EXERCISE GOAL →
In the records below, the line that contains "Benijofar - Costa Blanca" marks the start. Copy it and each line after it through the end, exactly, without pictures.

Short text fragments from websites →

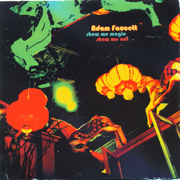 Show Me Magic, Show Me Out - Adam Faucett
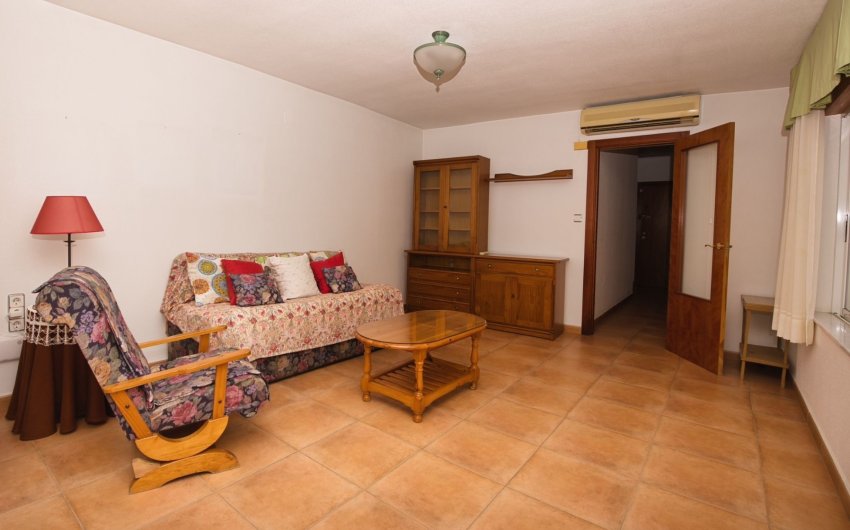 Reventa - Villa -
Benijofar - Costa Blanca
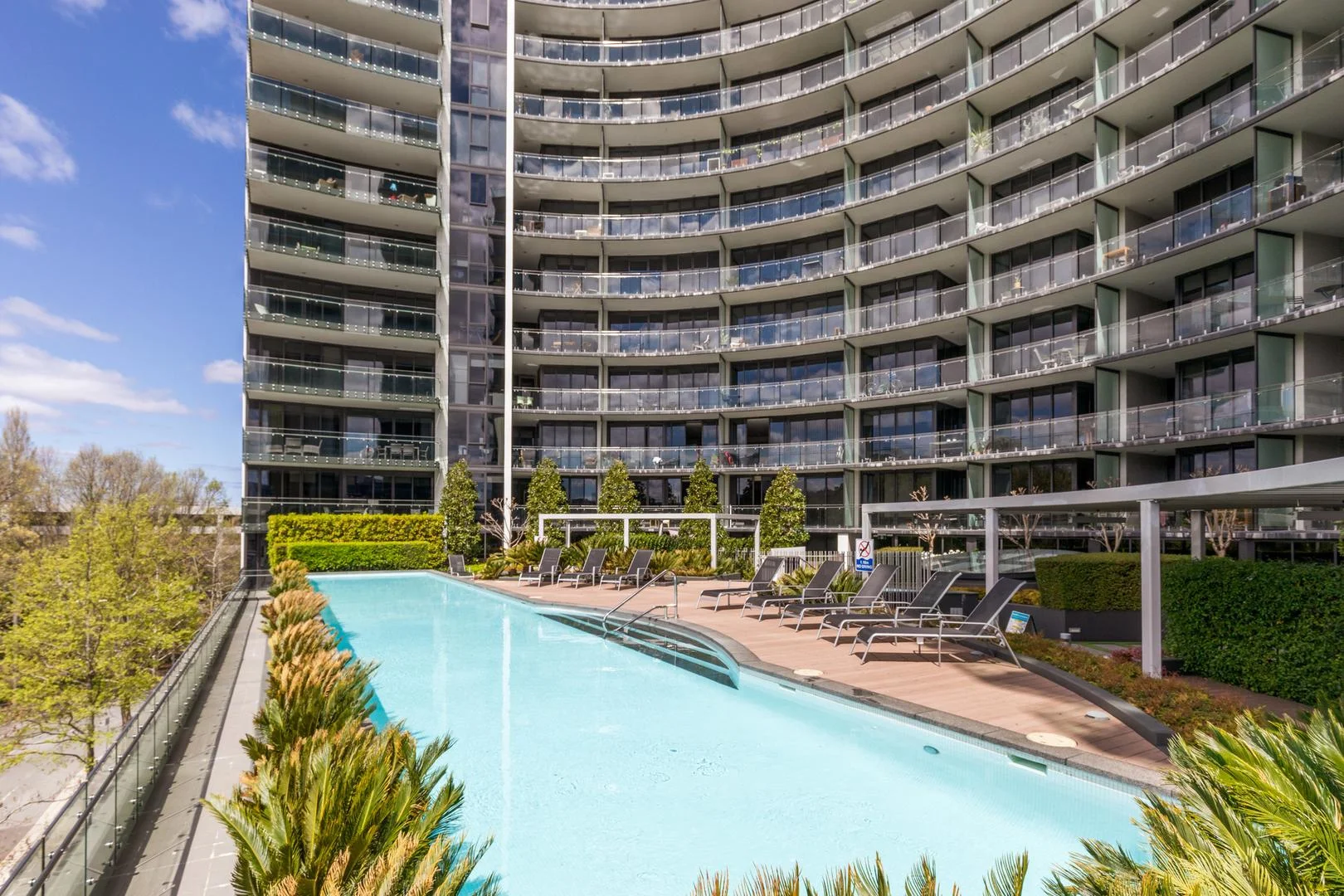 Additional image 9 of 1024/240 Bunda Street, City ACT 2601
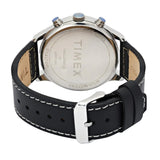 TIMEX Men Brown Round Dial Analog Watch - TWEG23900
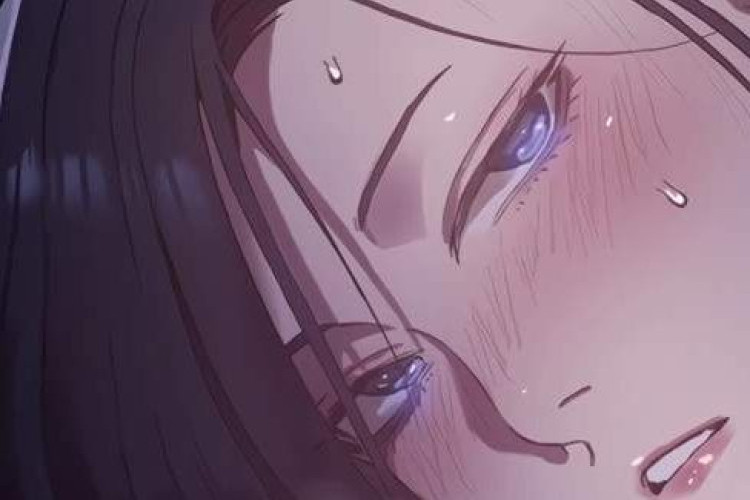 Leaked Version Secret Class Manhwa Chapter 311 English Sub , Mia and Sua Lose Their Minds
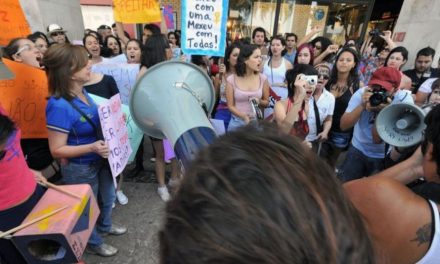 Brasil está entre piores em representação feminina no Legislativo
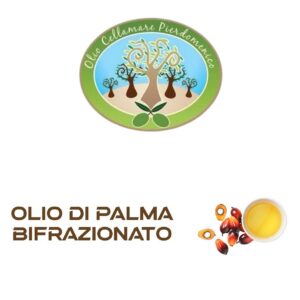 OLIO DI PALMA BIFRAZIONATO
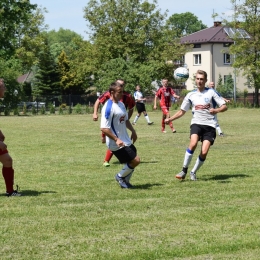 KS Serniki 3-0 Czarni Orlęta Dęblin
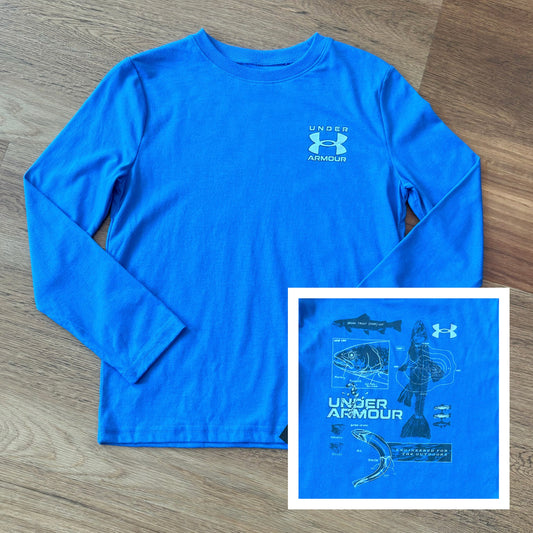 UA Modern Trout Long Sleeve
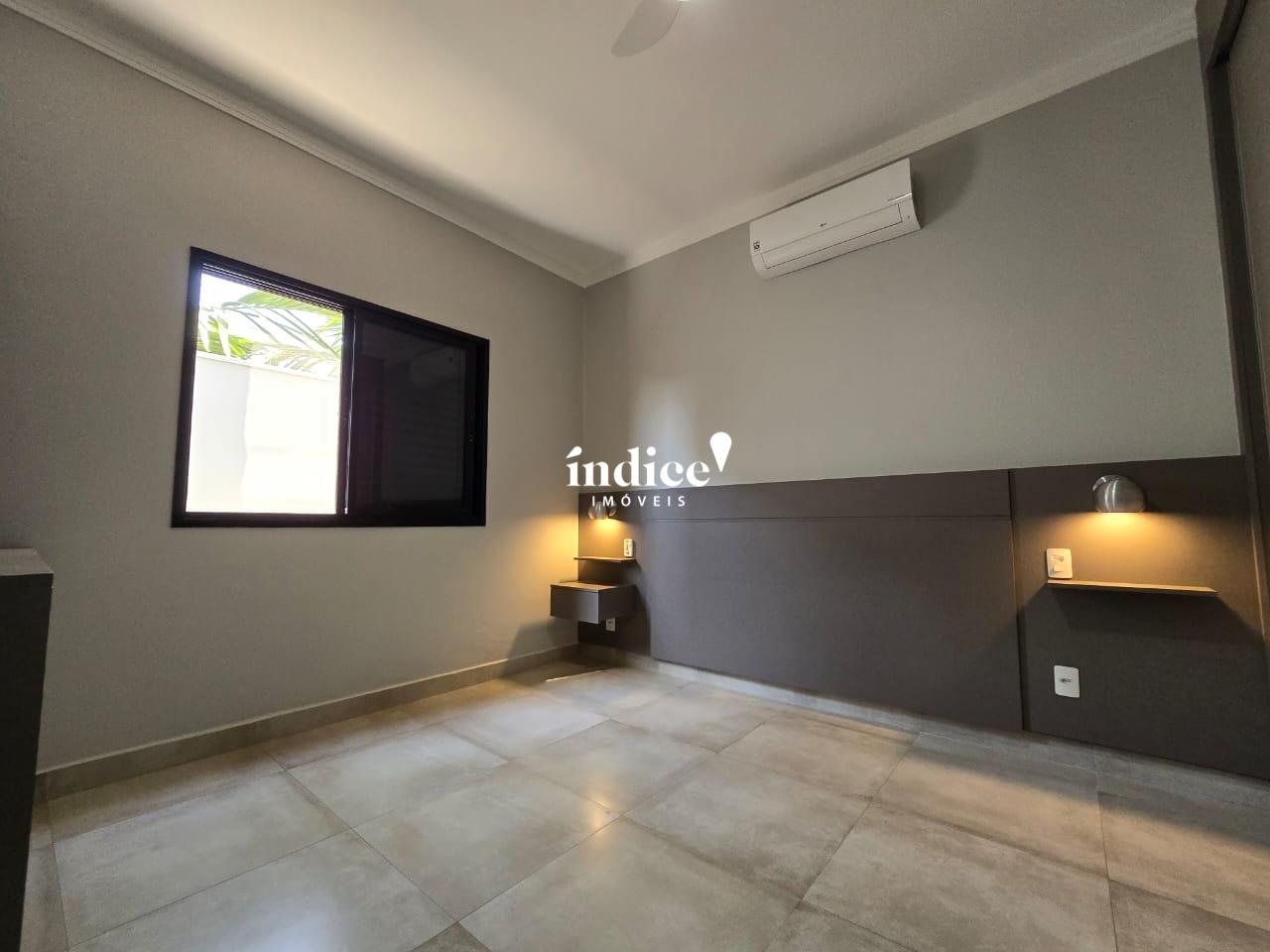 Casas Condomínio para à venda no Jardim San Marco na cidade de Ribeirão Preto: 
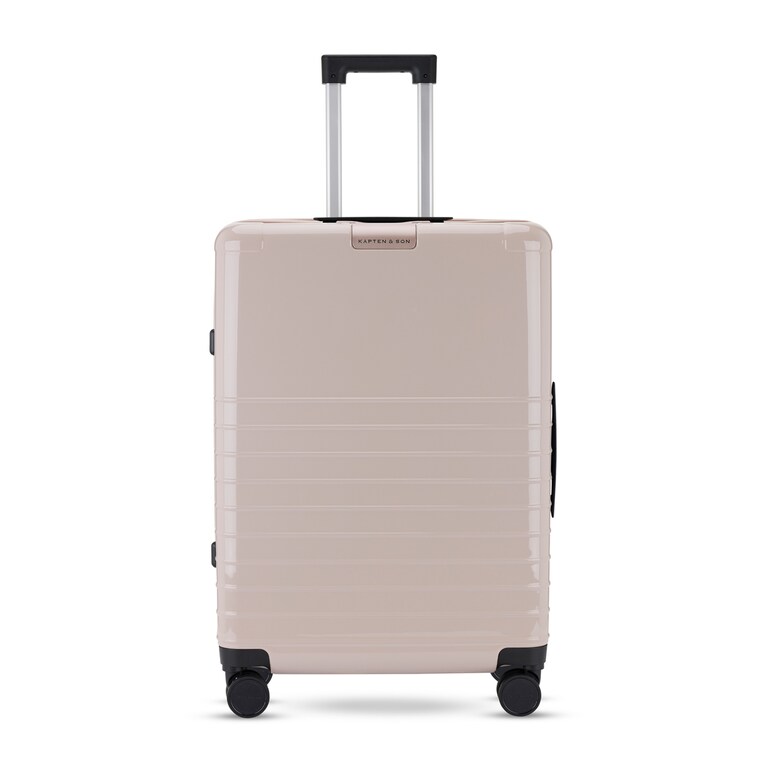 Heathrow Essential Check In, Heathrow Essential Check In Muted Clay Muted Clay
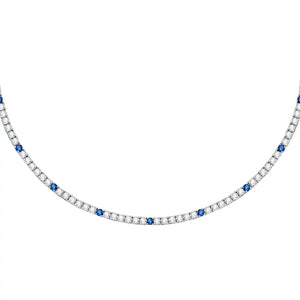 Collana Morellato Tesori SAIW136 argento donna-2b Gioielli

OUTPUT OF THE EXERCISE →
Benijofar - Costa Blanca
 Additional image 9 of 1024/240 Bunda Street, City ACT 2601
 TIMEX Men Brown Round Dial Analog Watch - TWEG23900
 Leaked Version Secret Class Manhwa Chapter 311 English Sub , Mia and Sua Lose Their Minds
 Brasil está entre piores em representação feminina no Legislativo
 OLIO DI PALMA BIFRAZIONATO
 KS Serniki 3-0 Czarni Orlęta Dęblin
 UA Modern Trout Long Sleeve
 Casas Condomínio para à venda no Jardim San Marco na cidade de Ribeirão Preto: 
 Heathrow Essential Check In, Heathrow Essential Check In Muted Clay Muted Clay
 Collana Morellato Tesori SAIW136 argento donna-2b Gioielli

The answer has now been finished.